- **How to complete this task**
In the entries below, find the line with "Kinder Schutzausrüstung Set" and the line with "Womens Summer Boho"; reproduce those two lines and all lines between them exactly, without pictures.

[Image-caption web data]
----

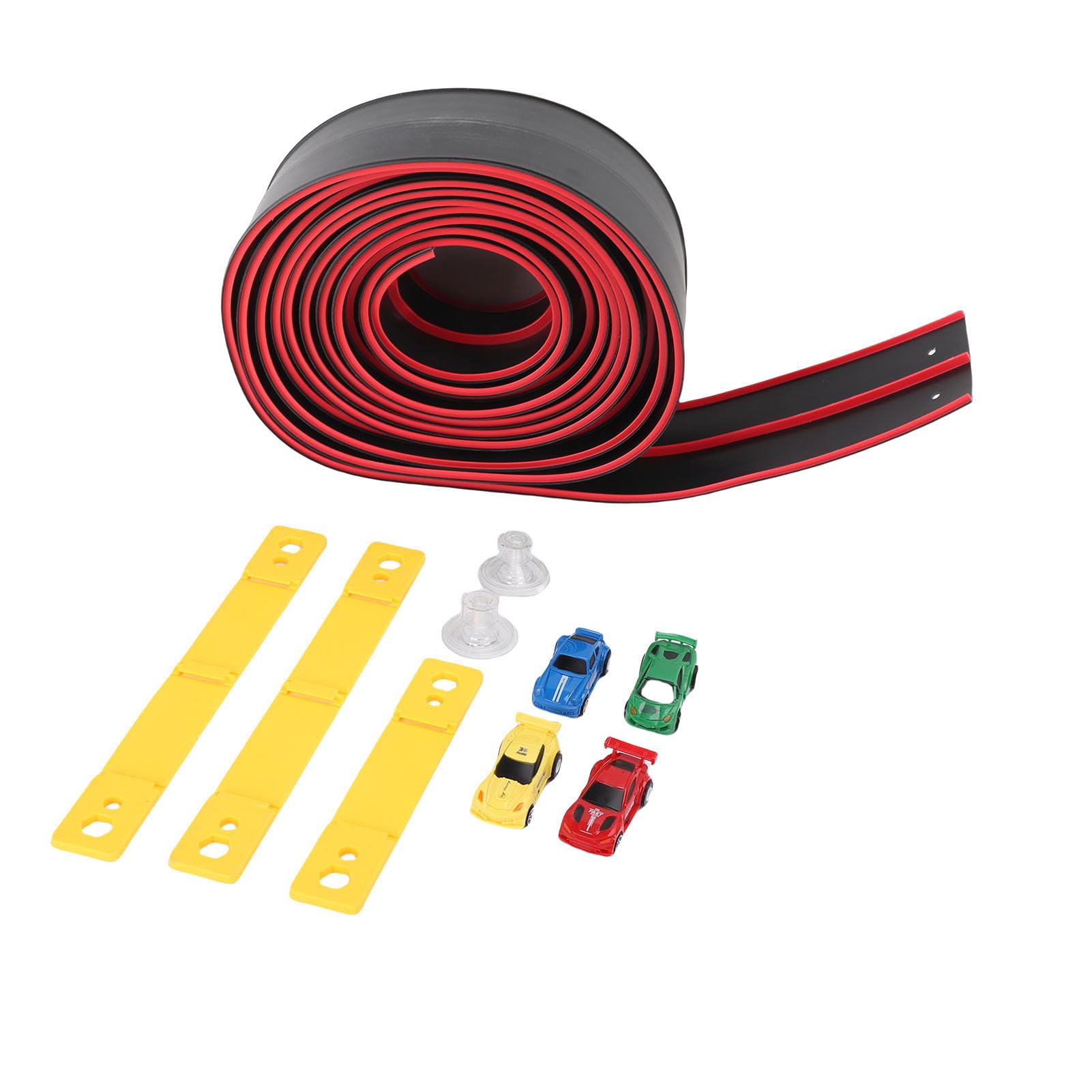 Topiky Pistas Flexibles de Montaje DIY con 4 Coches para Niños, Diseño de Pista Suave, Modo de Carreras Multijugador, Construcción Robusta, Material Plástico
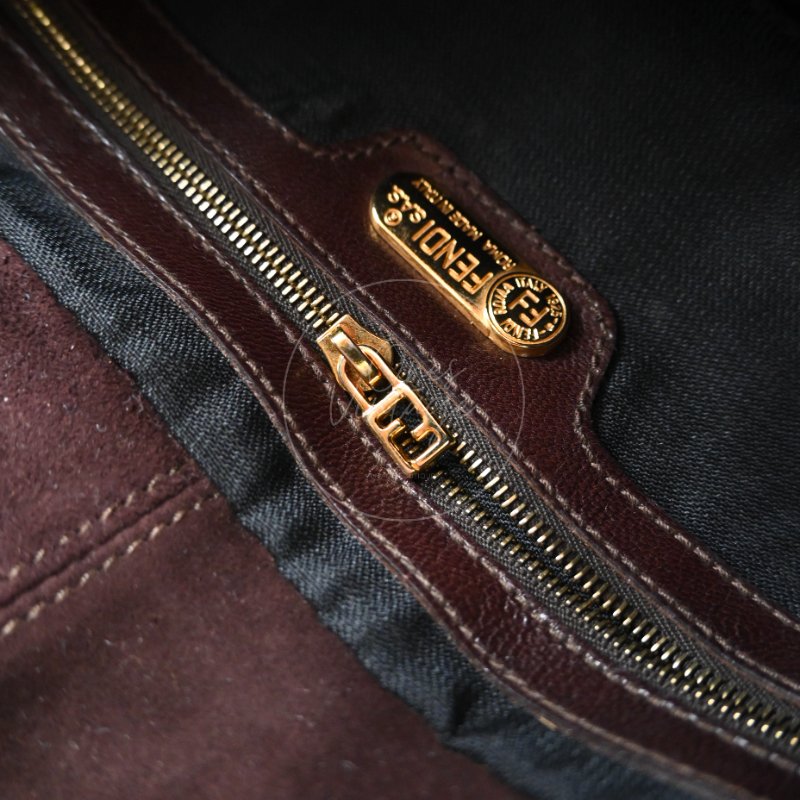 中古 芬迪 Fendi 棕色麂皮 Mamma Suede Mamma Baguette 法棍包  Dark Brown 深棕色手袋-22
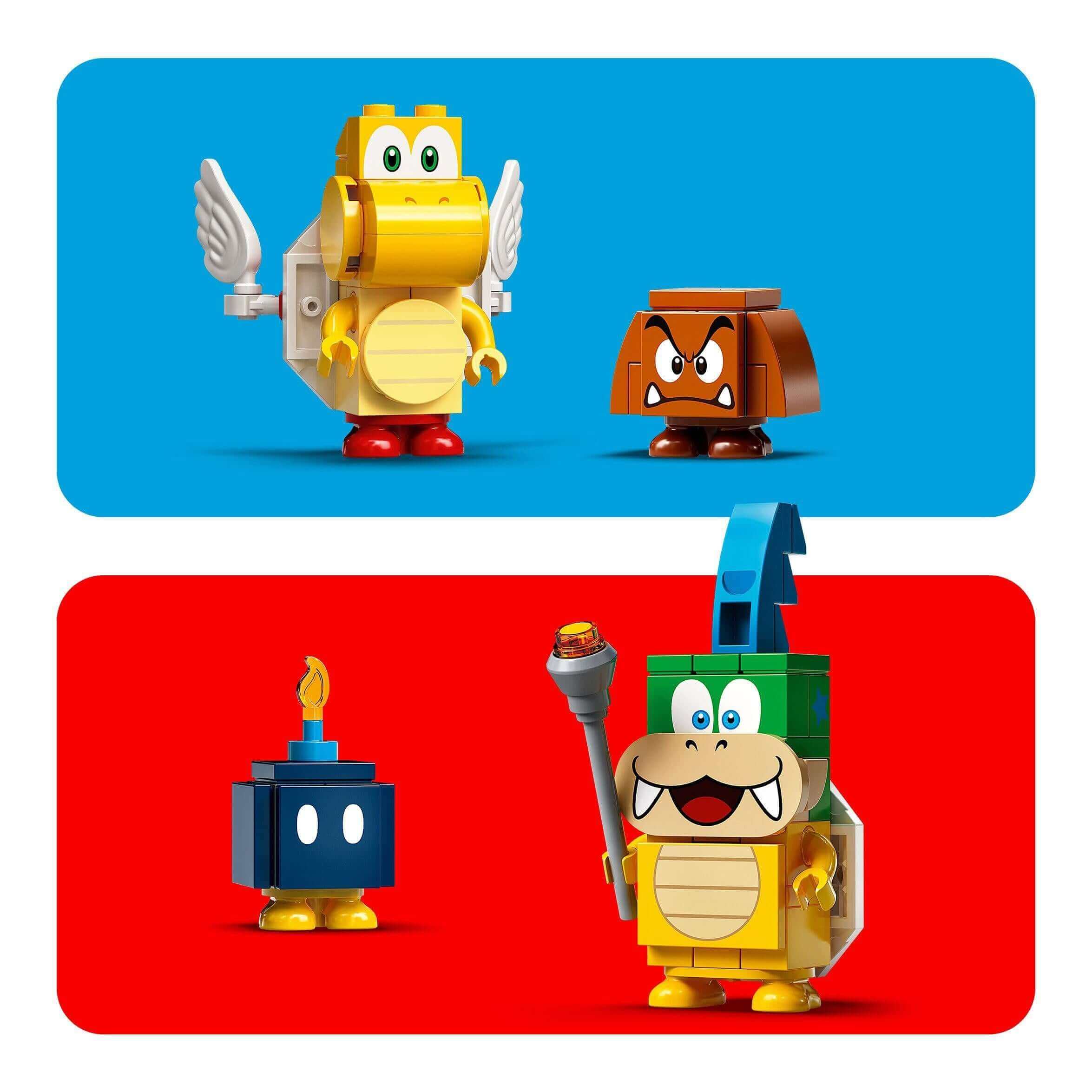 LEGO® Super Mario characters including Koopa Troopa, Goomba, and Bob-omb from Master Adventure Maker Set 71380.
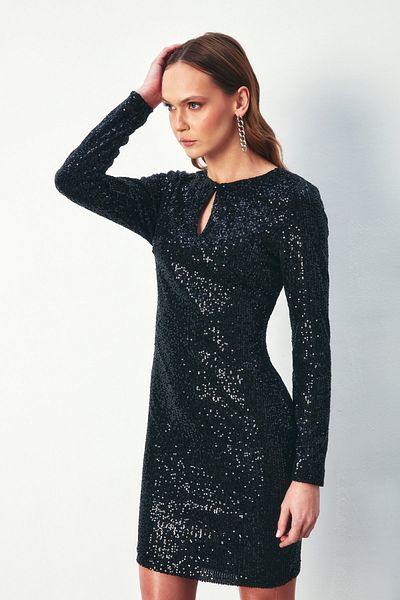 Sateen Rochie cu paiete fara spate - NEGRA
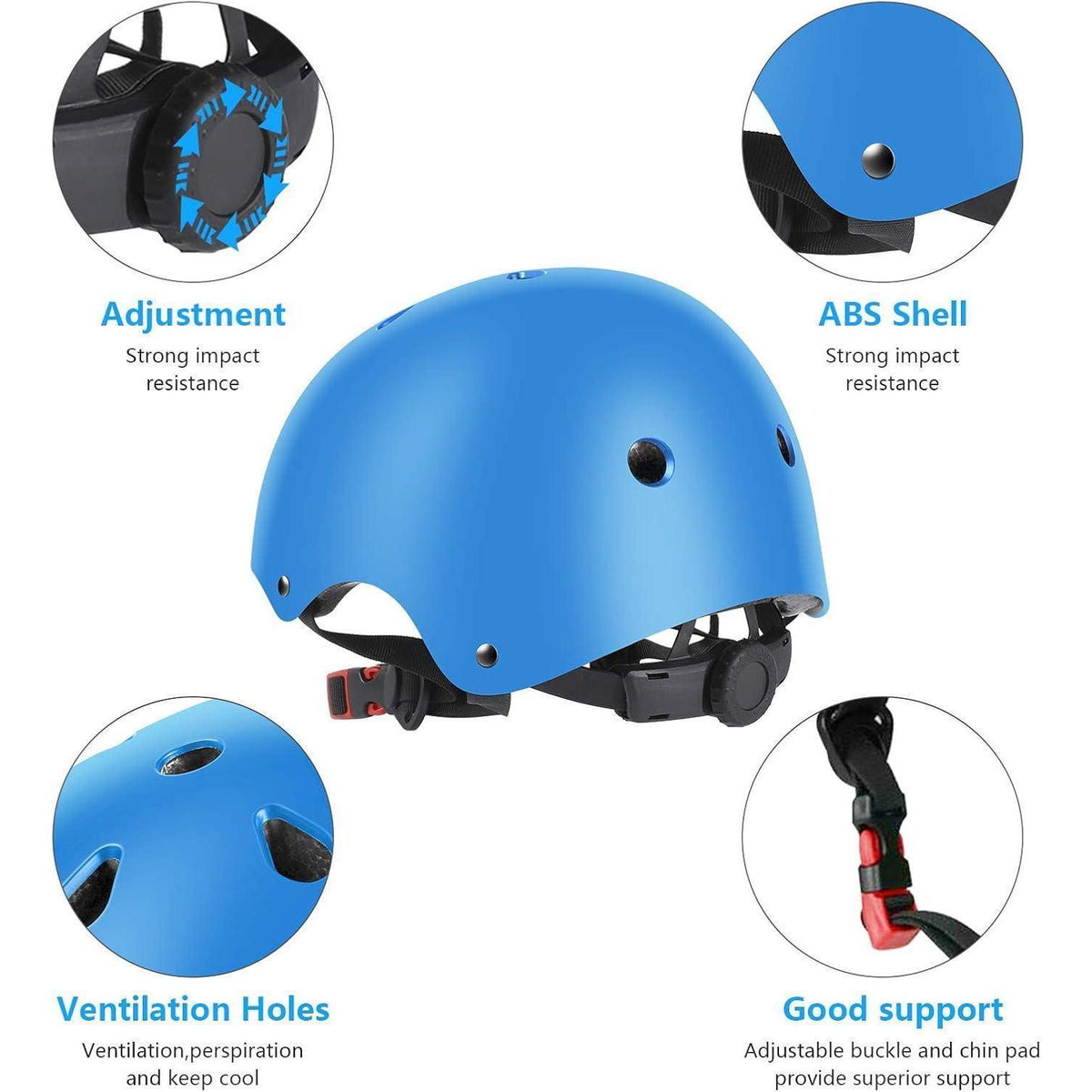 Kinder Schutzausrüstung Set 7-in-1 Helm & Protektoren Blau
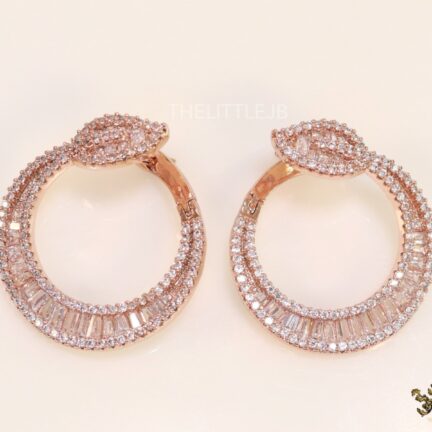 Rose gold plated cz and baguette hoop studs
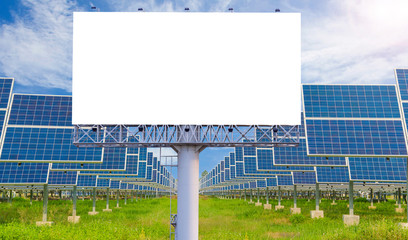 Blank billboard for advertisement with solar power plant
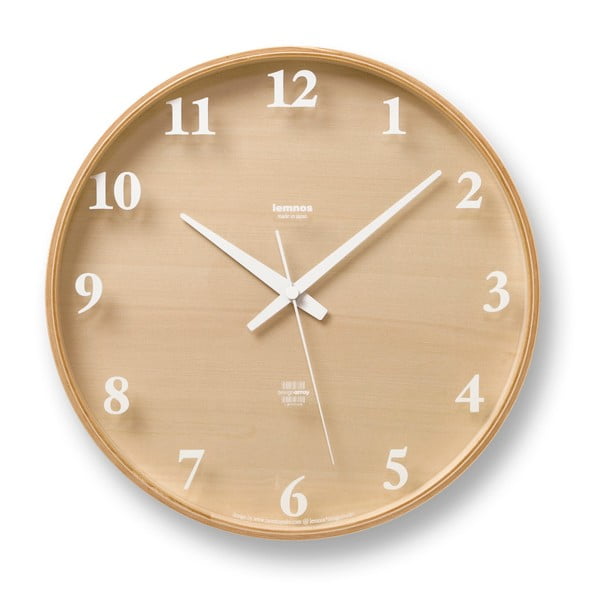 Hnědé nástěnné hodiny Lemnos Clock Snow, ⌀ 25,4 cm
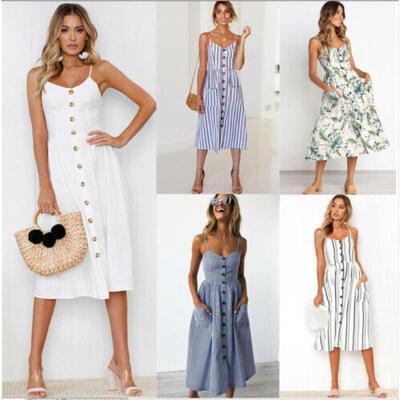 

Womens Summer Boho Casual Long Maxi Evening Party Cocktail Beach Dress Sundress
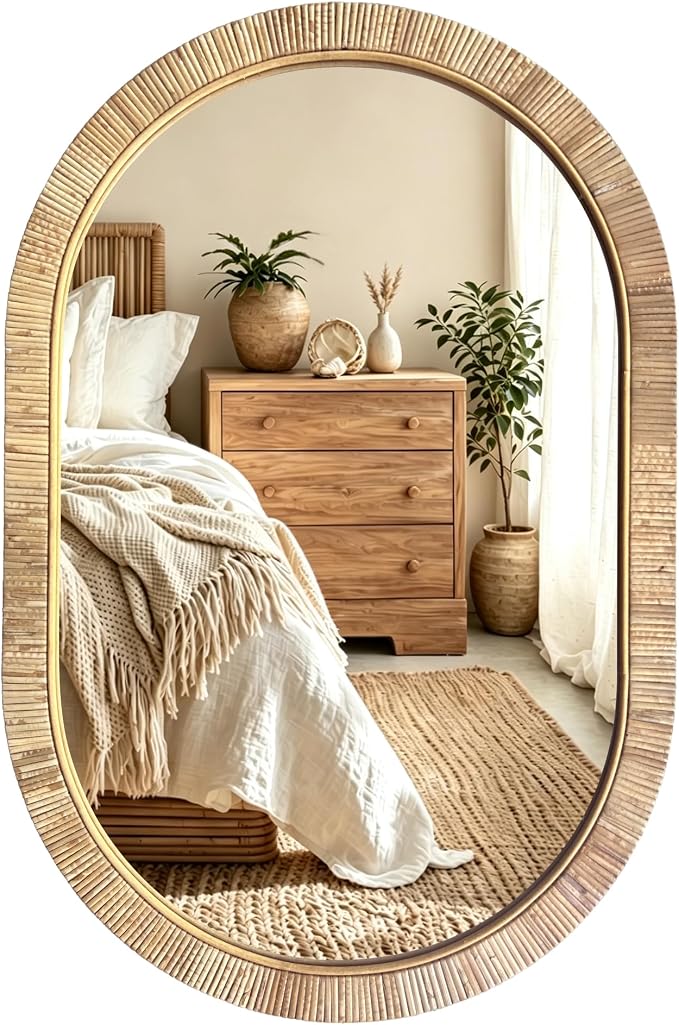 Decorative Rattan Wall Mirror, Boho Bathroom Modern Makeup, Rustic Wall Bohemia Mirrors for Bedroom, Living Room, Vanity Versatile Farmhouse, Nursery, Bathroom (Oval 36“x24”)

----

- **Answer box**
 Kinder Schutzausrüstung Set 7-in-1 Helm & Protektoren Blau
 Rose gold plated cz and baguette hoop studs
 Blank billboard for advertisement with solar power plant
 Hnědé nástěnné hodiny Lemnos Clock Snow, ⌀ 25,4 cm

Womens Summer Boho Casual Long Maxi Evening Party Cocktail Beach Dress Sundress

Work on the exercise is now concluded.